#### What is needed:
Each line from the one bearing "Kate Spade Brown Dust Bag - Picture 1 of 3" through the last line of the entries below should be returned exactly, with pictures left out.

#### Input records:

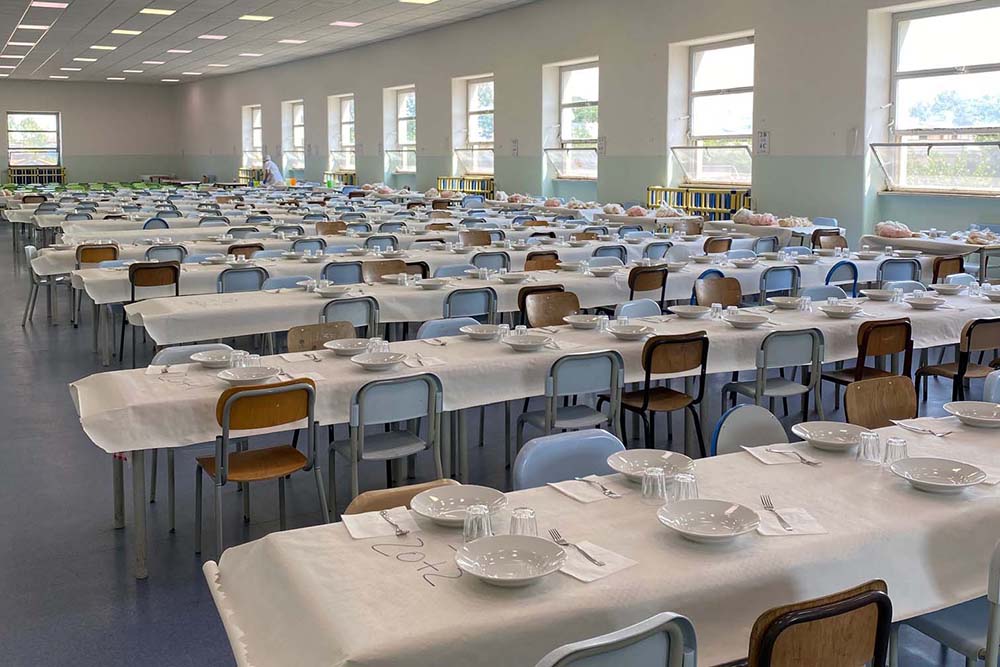 お弁当持参は禁止、ローマのオーガニック給食事情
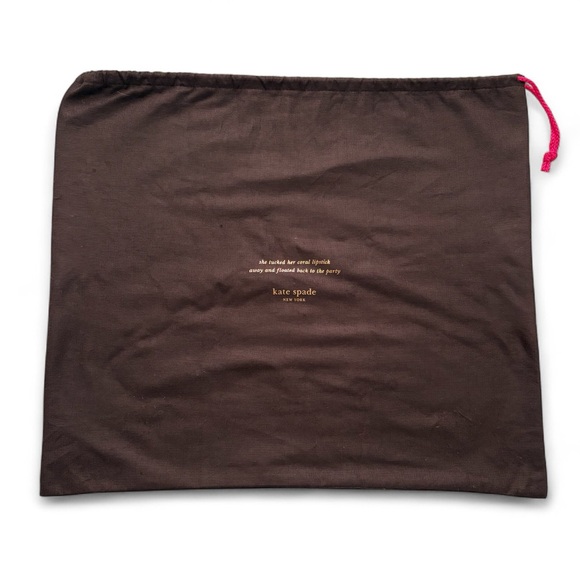 Kate Spade Brown Dust Bag - Picture 1 of 3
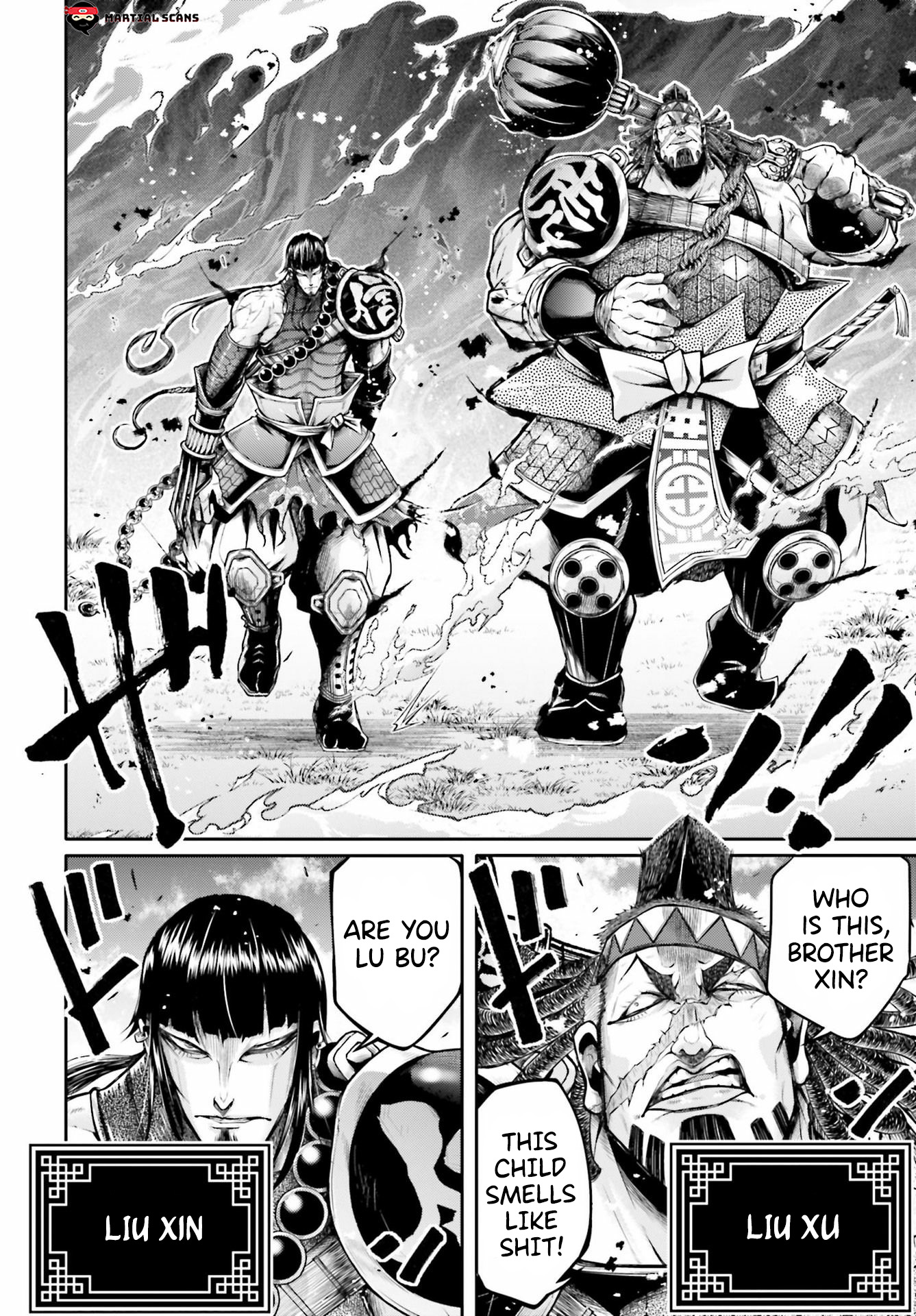 Shuumatsu no Valkyrie: The Legend of Lu Bu Fengxian chapter 21 page 5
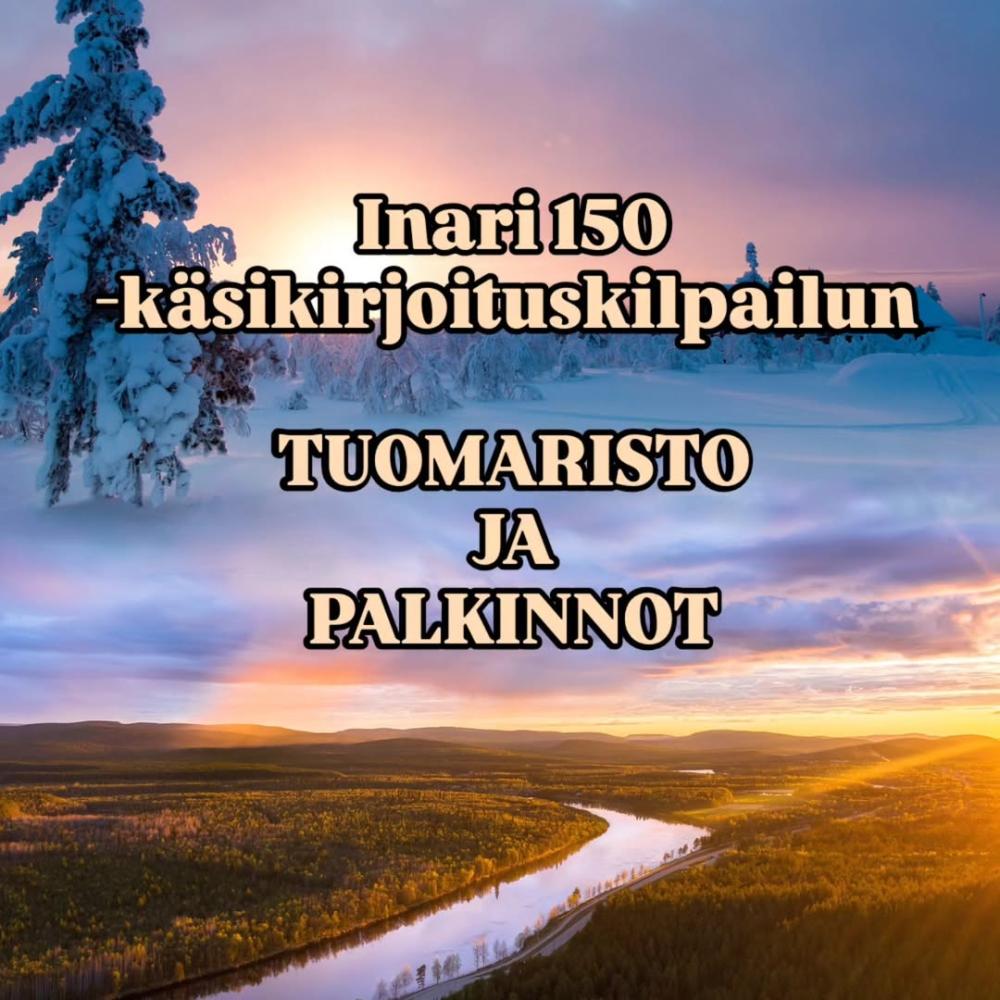 📽️ Inari 150 -käsikirjoituskilpailu on käynnissä 🎬...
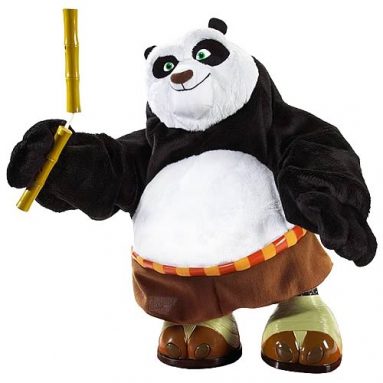 Kung Fu Panda Kicking Po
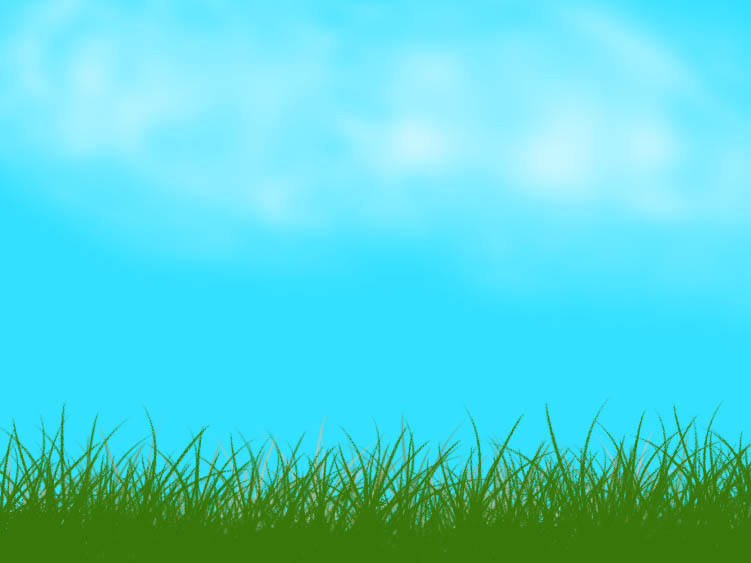 Clip art library . Grass clipart blue background
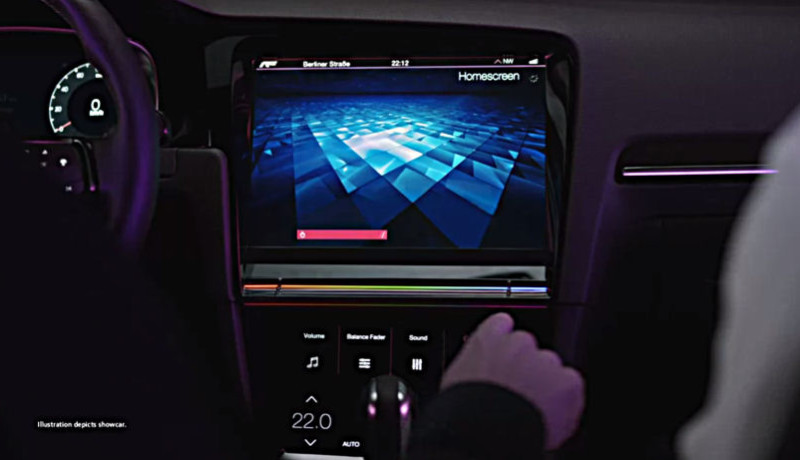 e-Golf Touch, nouveau système de commande gestuelle de Volkswagen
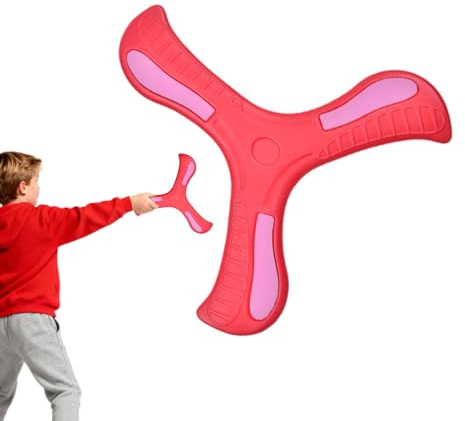Yongmcxhhj Jouet Soucoupe Volante,Spinner Lumineux À Lancer,Jouet Spinner Volant Interactif - pour Garçons Filles Adultes Chiens Anniversaire Fête Activités Plage Extérieur Classe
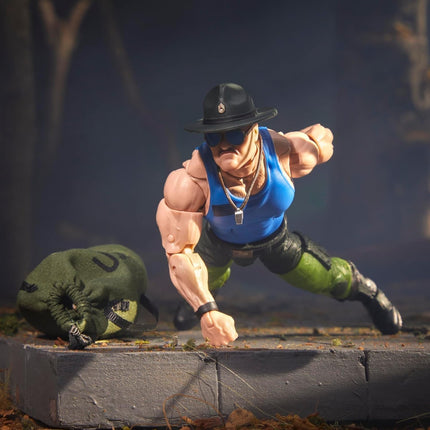 GI Joe Classified Mad Marauders Sgt Slaughter Action 6" Figure LOOSE NEW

#### Written reply:
 Kate Spade Brown Dust Bag - Picture 1 of 3
 Shuumatsu no Valkyrie: The Legend of Lu Bu Fengxian chapter 21 page 5
 📽️ Inari 150 -käsikirjoituskilpailu on käynnissä 🎬...
 Kung Fu Panda Kicking Po
 Clip art library . Grass clipart blue background
 e-Golf Touch, nouveau système de commande gestuelle de Volkswagen
Yongmcxhhj Jouet Soucoupe Volante,Spinner Lumineux À Lancer,Jouet Spinner Volant Interactif - pour Garçons Filles Adultes Chiens Anniversaire Fête Activités Plage Extérieur Classe
 GI Joe Classified Mad Marauders Sgt Slaughter Action 6" Figure LOOSE NEW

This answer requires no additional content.